Builder down to earth
P. Racko
pracko at earthlink.net
Tue Aug 22 09:59:29 PDT 2000
Tuesday, August 22, 2000
www.ptconnect.com/archive/today/news/hennessy.asp
Builder down to earth
All great innovations seemed impossible at one time.
Most of our ancestors never dreamed their descendants would fly through the
air, watch events occurring half a world away, or talk to people anywhere on
earth.
And most, save for science-fiction writers, never dreamed of living and working
beneath the earth.
Mr. Underground
On the phone from Cape Cod, Mass., architect Malcolm Wells is talking about
his conversion. "It happened in the mid-1960s. It was a time of protest and the
environmental movement was just getting started. I'd done some awful
architecture. I'd paved over about 50 acres of New Jersey with warehouses and
such."
Wells found a new way to build: Dig a hole, build a structure, cover it with
earth.
Last year, Wells poured his construction formula into a 143-page, self-effacing
book called "Recovering America." In it, he touches on what he now considers
the shameful part of his architectural past.
"It had taken me years to realize that the big industrial buildings I was
designing were actually destroying land. America's land. All I saw were the big
fees and the glory. I also did offices, labs, churches, a world's fair building,
libraries, and even I blush to admit an environmental center, all of them above
ground.
"And then, even after I'd discovered that underground design offered the best
possible theme for architecture, it still took me years to see that this new/old
way onto which I'd stumbled was perhaps the only right way to build."
Wells, who lives in an underground house, suggests that instead of destroying
land for generations, just cover structures with it, then landscape overhead.
Result: more open space, less urban blight.
Local peg
Reading his book, I found myself thinking of the 911 center for which the city of
Long Beach had trouble finding a site.

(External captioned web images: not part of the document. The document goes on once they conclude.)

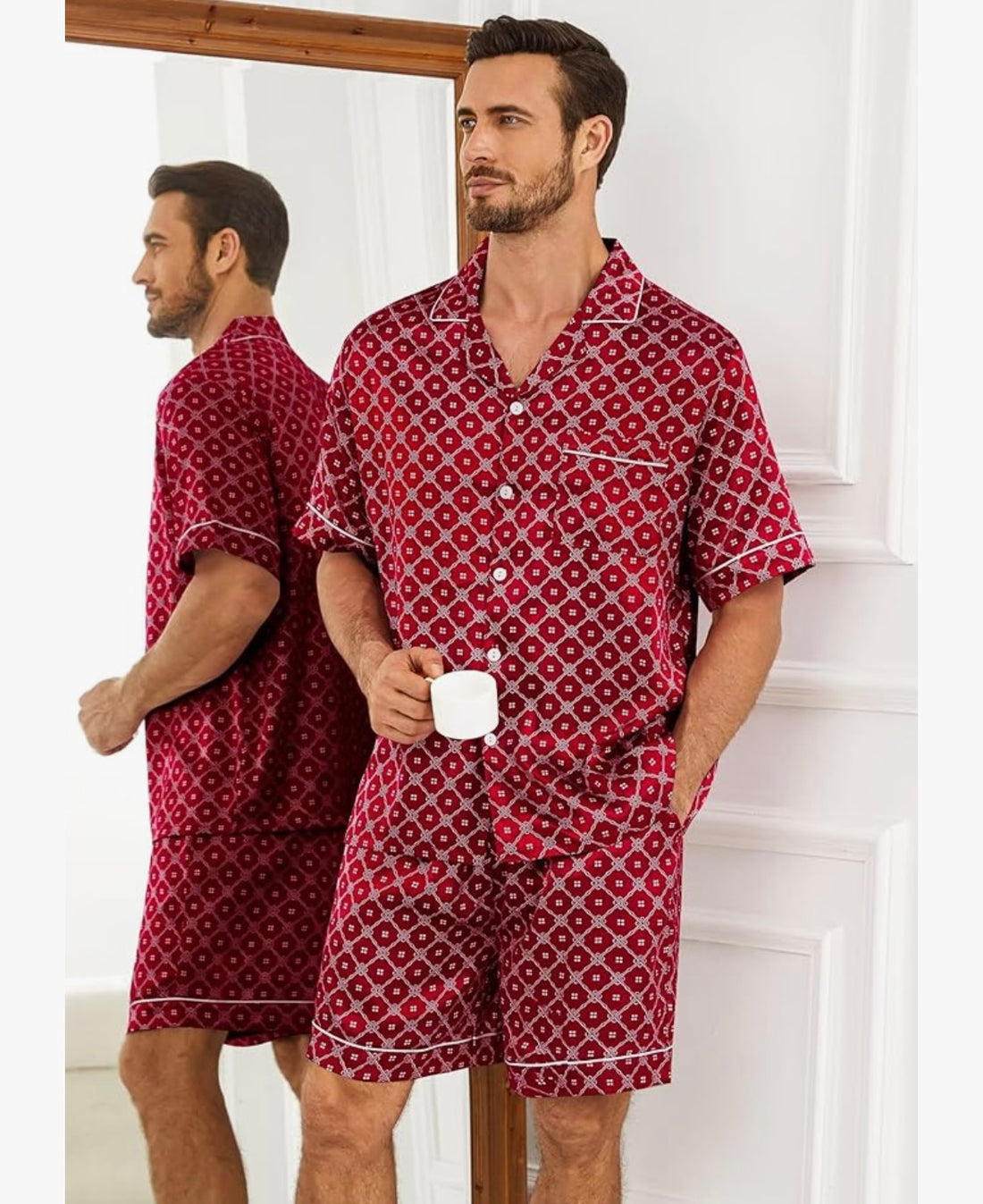 Men's Silky Satin Pajama Short Set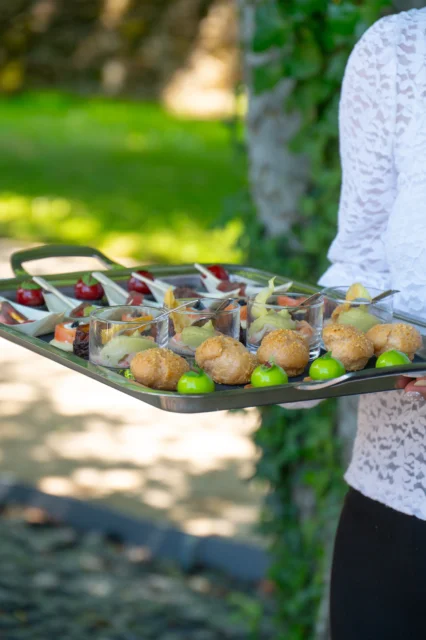 Plateau de bouchées apéritives servi en extérieur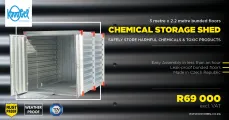 3m x 2,2 m Bunded floors chemical storage shed | Kovobel
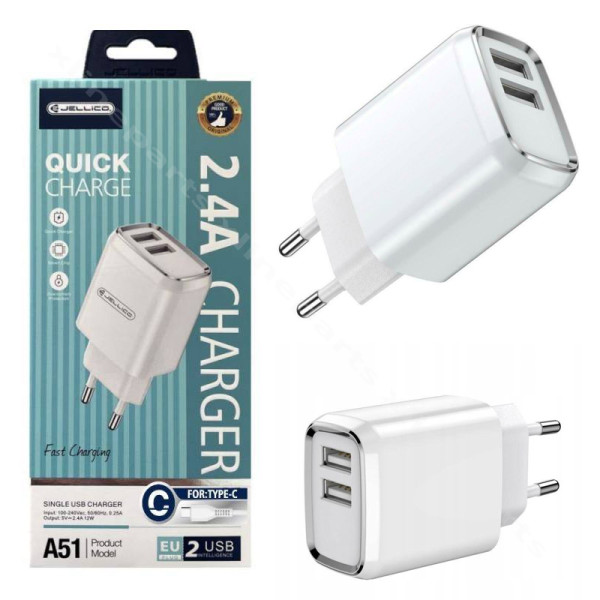 Charger Dual USB Jellico A51 12W EU white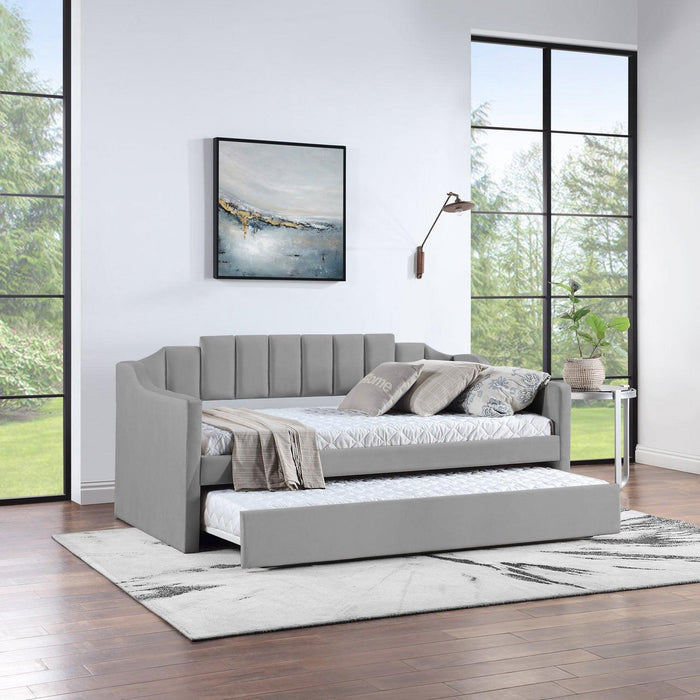 Velvet Daybed with Trundle Upholstered Tufted Sofa Bed,  both Twin Size, Grey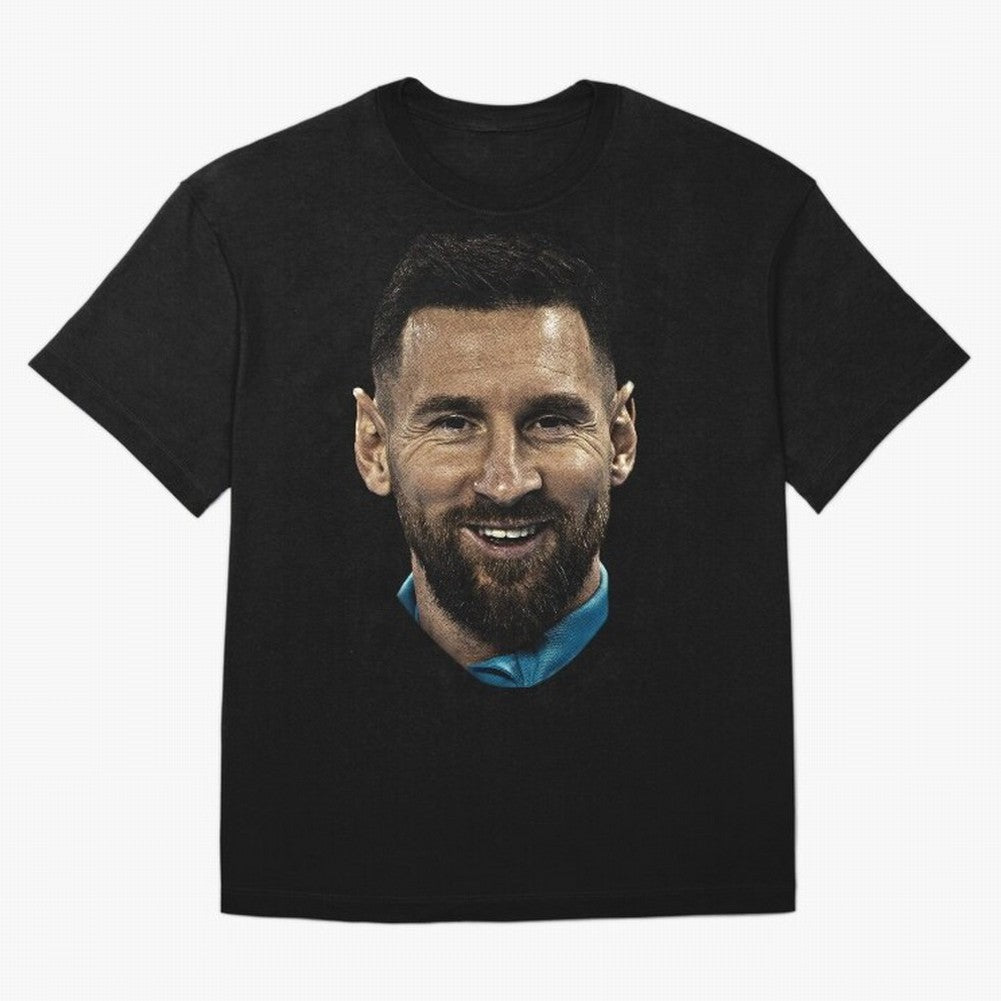 Messi Iconic Smile - Streetwear Style Portrait Premium T-Shirt Fuel Match Day Hype around FIFA World Cup 2026 Group Stage, Mbappe, France and Portugal, Game Day Rituals, Football Legends, Country Pride and the Road to the Final; Perfect for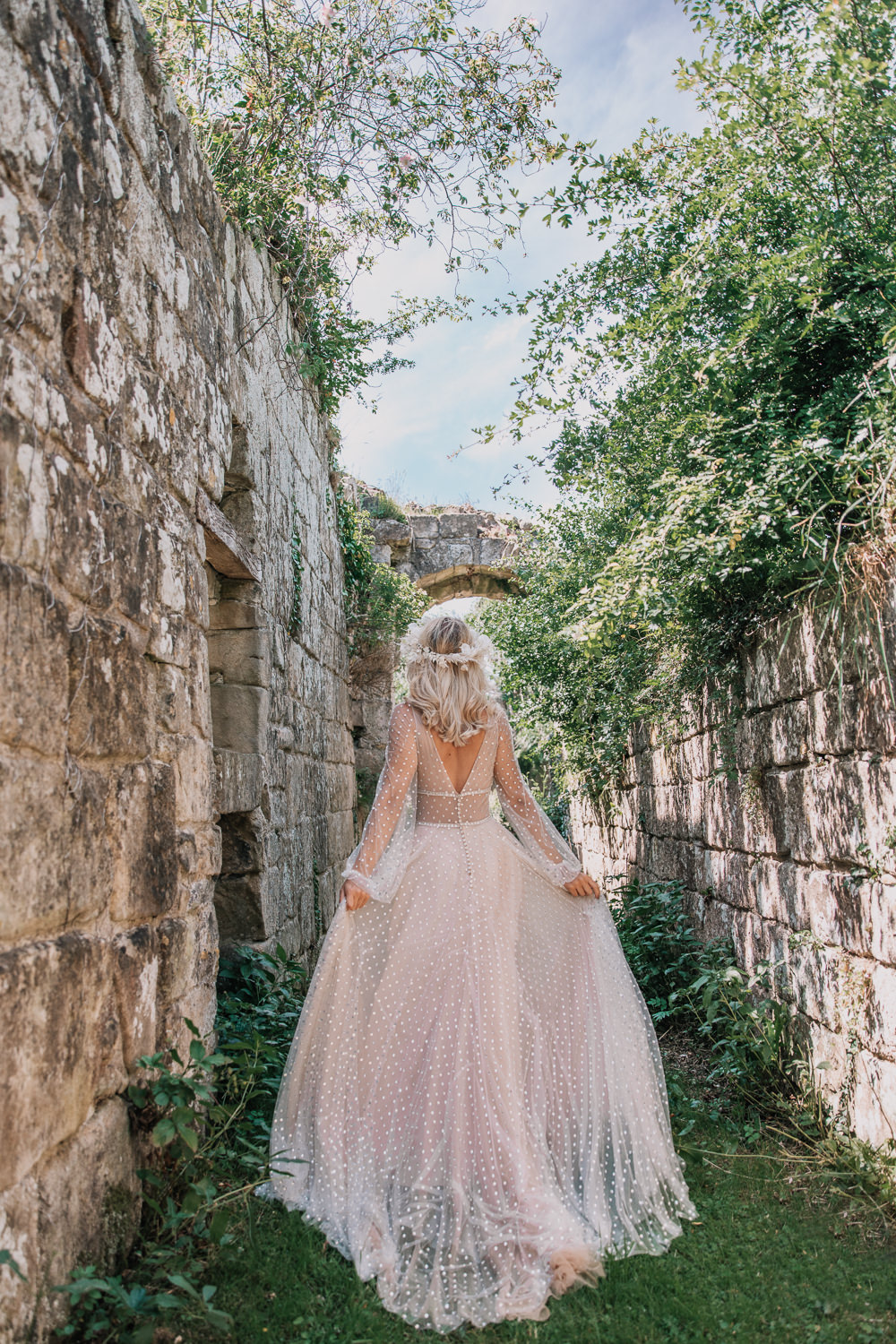 Dress Gown Bride Bridal Willowby by Watters Sparkle Sequin Long Sleeves Tulle Earthy Boho Wedding Natalie Hamilton Photography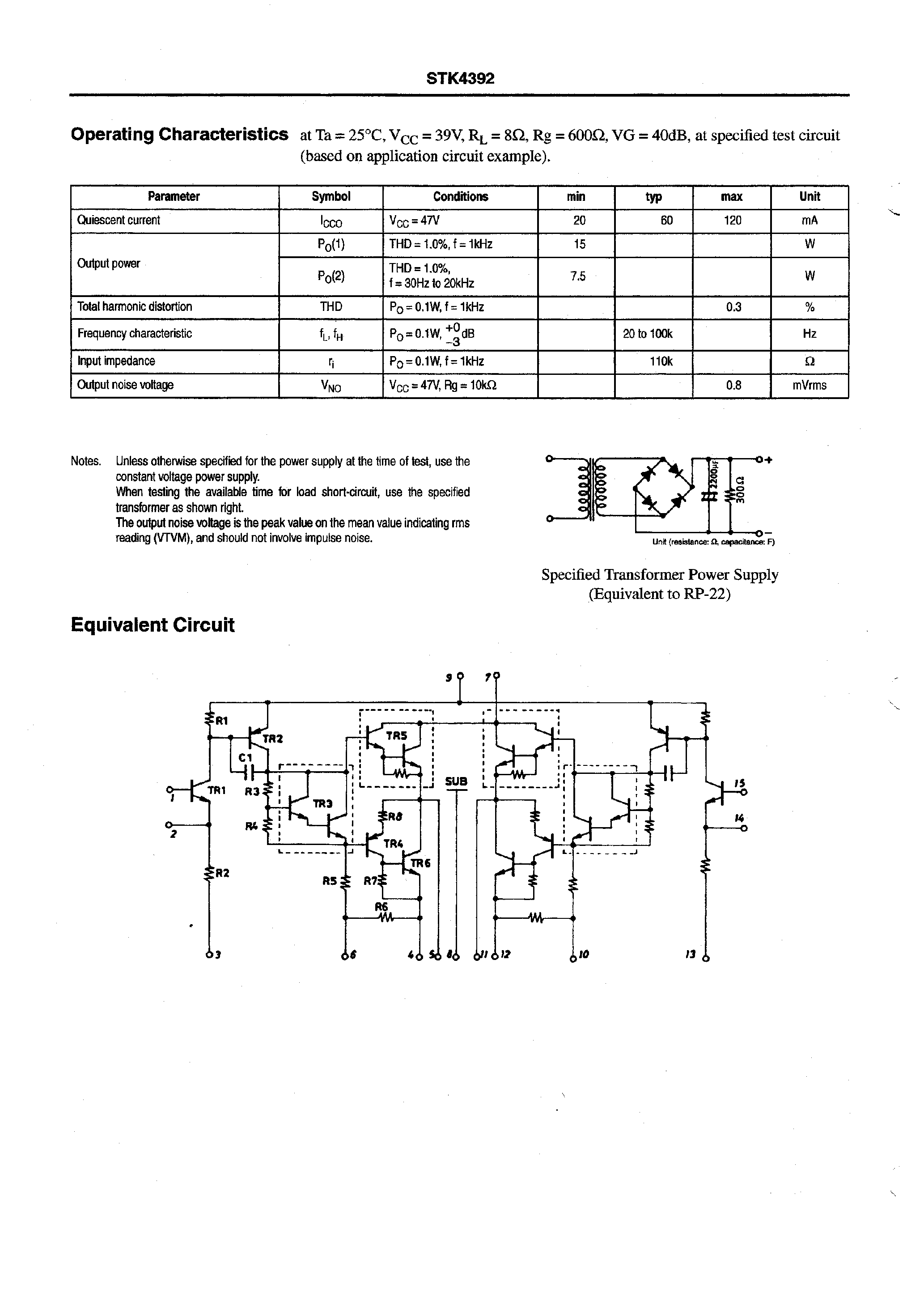 Datasheet STK4392 - AF Power Amplifier page 2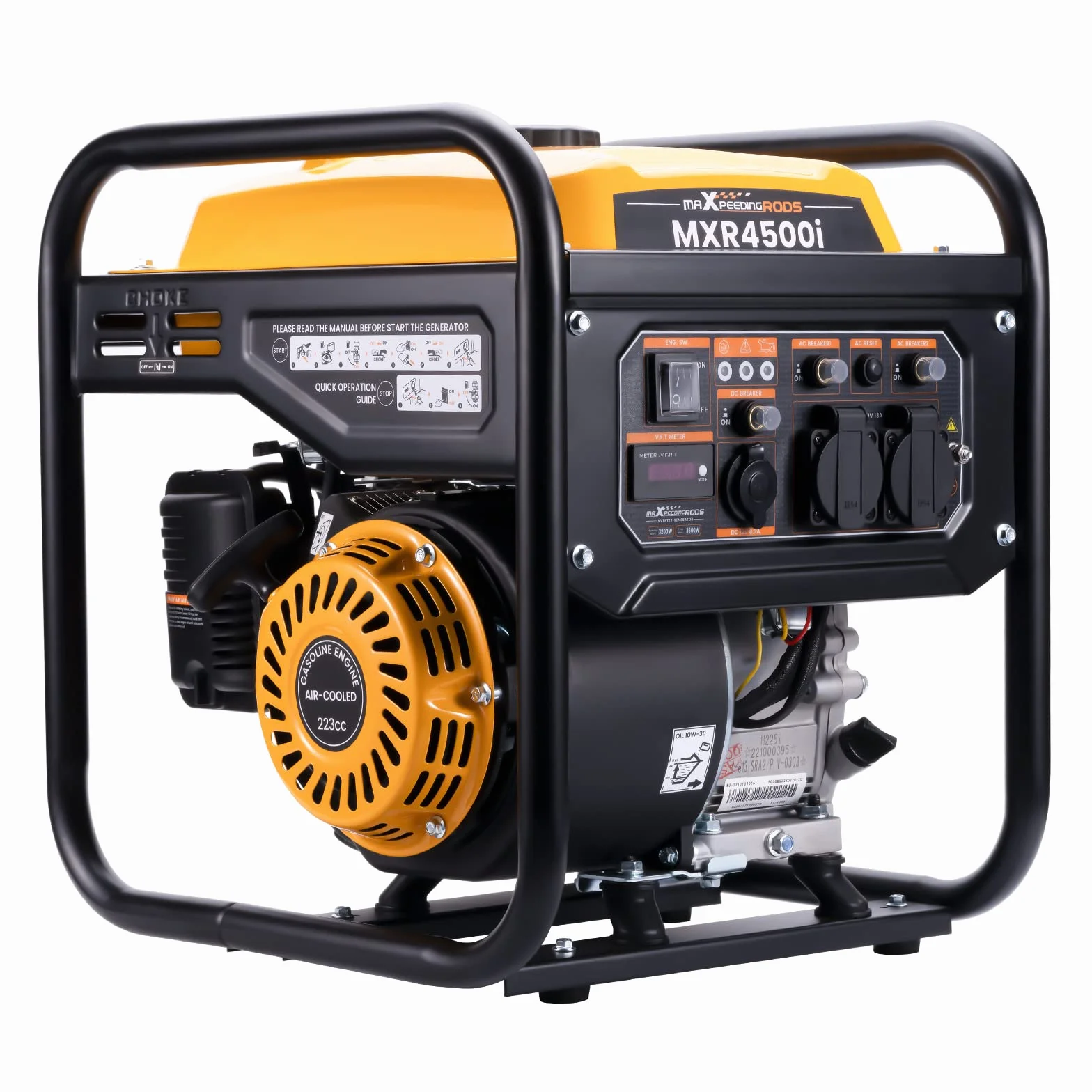 maXpeedingrods Générateur d'onduleur portable 3500 W à 4 temps à onde sinusoïdale pure pour camping, camping-car, voyage, maison ou chantiers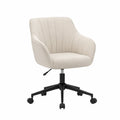 Fabric Upholstered Office Chair with Adjustable Height and Swivel Function Beige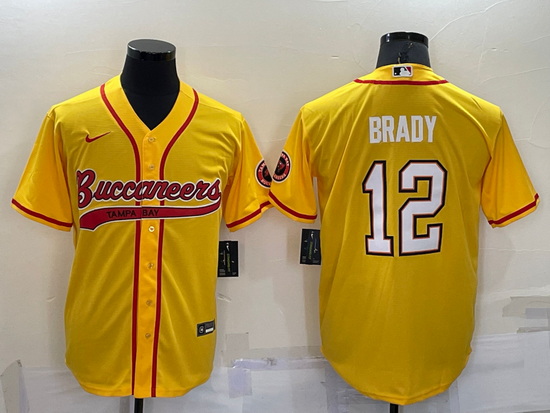 Men Tampa Bay Buccaneers 12 Tom Brady Yellow Cool Base Stitched Baseball Jersey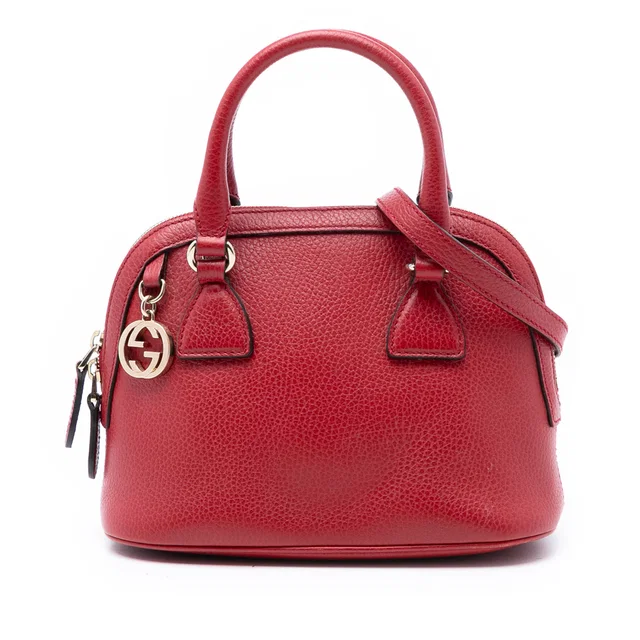 Red Gucci Mini Leather GG Charm Dome Satchel in Red Leather from Designer Revival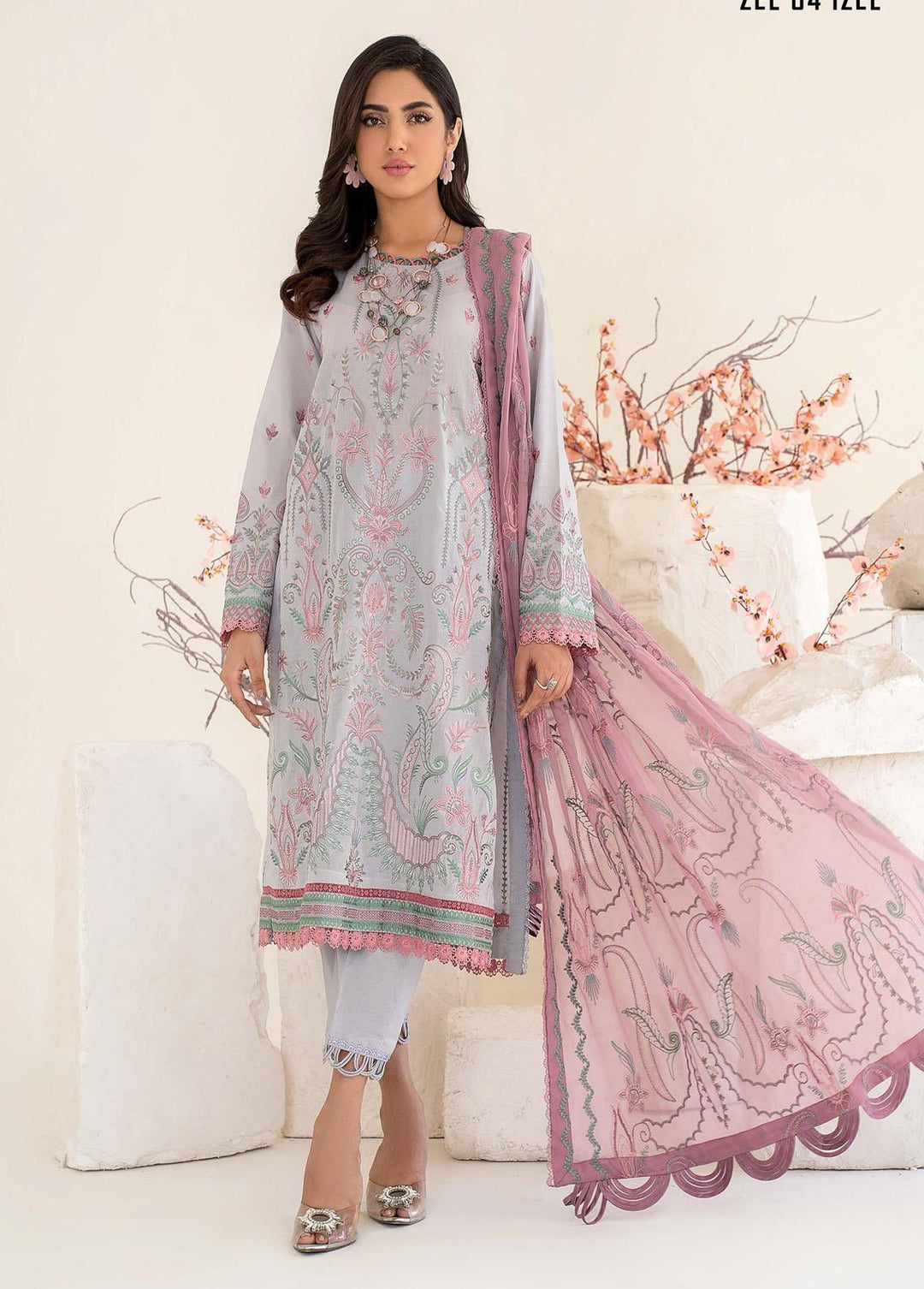 Zarif Embroidered Lawn Suits Unstitched 3 Piece ZF23L ZEL-04 Izel - Luxury Collection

What if it had been built underground
and landscaped overheard? Ditto for the controversial police station in Scherer
Park. Or even the McDonald's being constructed on Spring Street almost a
golden arch's distance from yet another McDonald's.
On helicopter tours across America, Wells took myriads of photos of blight,
including some he had helped create. He put them in his book, sandwiched
between his sometimes mind-boggling visions of the Pentagon sitting on giant
pylons, a partially earth-covered Disneyland, even underground airports (with
runways above ground, of course).
"Some people, knowing of my earth-cover convictions, like to kid me about
putting airports underground, for they know that I favor that idea, too," says
Wells.
"They joke about the sizes and shapes of the slots into which the planes would
land ... They find them easier to talk about than the real issues such as the
appalling amount of land, often wetlands near rivers or bays, that airport
buildings and runways cover."
As for Disneyland, he says covering part of it with earth would allow "the desert
to bloom again after all the years it's spent buried under those vast areas of
lifeless asphalt and building materials."
What do other architects think of his ideas? Not much, guesses Wells. "A lot
of architects would smile at such arrogance. I wouldn't blame them. From
where they sit, this little pipsqueak environmental movement will go nowhere.
But I've done the killer buildings and I've done the healer buildings, and they
can speak for themselves."
His hope for his "very small movement" rests with architectural students. Wells
believes some are taking a fancy to his ideas.
"My 25 years of experience with earth-cover construction proved to me long
ago that the underground advantages are far greater than even their advocates
sometimes realize. Not only does a living roof restore a dead site to life, it
offers silence, permanence, protection from the weather, and, of course,
amazingly low heating and cooling bills. Life on the roof conserves rainwater,
too."
What about earthquakes? "It's possible that earthquakes can damage
underground buildings," Wells admits. "Earthquakes can damage whole
continents. But I've yet to hear of such damage to earth-covered structures."
"Recovering America" is a charming, relatively inexpensive, and maybe even
revolutionary book. You can get it by writing Malcolm Wells, 673 Satucket
Road, Brewster, MA 02631. The $7 cost for the hardcover book includes
postage.
Tom Hennessy's viewpoint appears Sunday, Tuesday, Thursday and Friday.